O superintendente de Produtos da Brasilprev, Sandro Bonfim, que responde pela maior empresa de previdência privada do país, disse que as condições de rendimento das carteiras mudaram. Em vez de inflação mais 4%, os gestores estão oferecendo hoje não mais que um rendimento equivalente a IPCA mais 2%.
Correr mais risco
Quem tem previdência privada, mas ainda está na fase de contribuição não deve se preocupar neste momento com esse risco. Por dois motivos: primeiro porque os gestores já estão mudando a forma de aplicar os recursos, buscando ativos que rendem mais que renda fixa, como ações, fundos imobiliários e fundos multimercados.
Segundo, porque as empresas de previdência privada não estão mais se comprometendo a pagar renda mensal vitalícia com rendimento de 4% ao ano mais inflação, como ocorria no passado.
Mas é consenso no mercado que os investidores hoje precisam autorizar os gestores dos planos de previdência a correr mais riscos.
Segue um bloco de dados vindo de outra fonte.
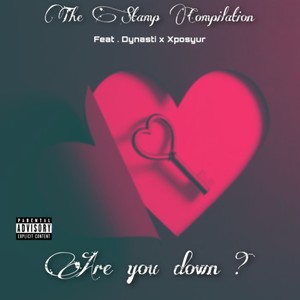 Are you down ? (feat. Dynasti & Xposyur) [Explicit]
Sandro Bonfim diz que o mercado já vem está se adaptando à essa realidade. Assim, tem mais dinheiro indo para fundos de ações e multimercados. “Em 2017, cerca de 92% das alocações iam para renda fixa. Hoje, essa fatia caiu para 40%, enquanto 60% das novas aplicações estão indo para fundos multimercados e ações”, afirmou.
Ao aplicar mais dinheiro em ações que em títulos do governo, os gestores assumem mais riscos. Mas como são aplicações de longo prazo, o retorno tende a ser maior, apontam os profissionais. Para comparar, os fundos de previdência do tipo “ações indexados” renderam 31,94% ano passado, conforme dados da Economatica.
Migração de conservadores para agressivos
Dessa forma, destaca o sócio da TAG Investimentos, Marco Bismarch, que tem sob gestão mais de R$ 7,5 bilhões, os profissionais de mercado conseguem ajustar o rendimento dos planos de previdência às mudanças da economia para entregar a renda aos participantes, no futuro. “Temos visto uma migração de perfis de investidores mais conservadores para produtos mais agressivos”, disse. Ainda assim, a previdência privada é um mercado de investimentos que representa um “desafio grande” para os gestores, segundo o coordenador de alocação da XP Investimentos, Felipe Dexheimer. “Uma pessoa de 33 anos, por exemplo, que está começando previdência privada hoje para se aposentar aos 65 anos, vai contribuir por 32 anos e usufruir por quase 20 anos. Acontece muita coisa nesse tempo”, disse o profissional da maior plataforma de investimentos do país.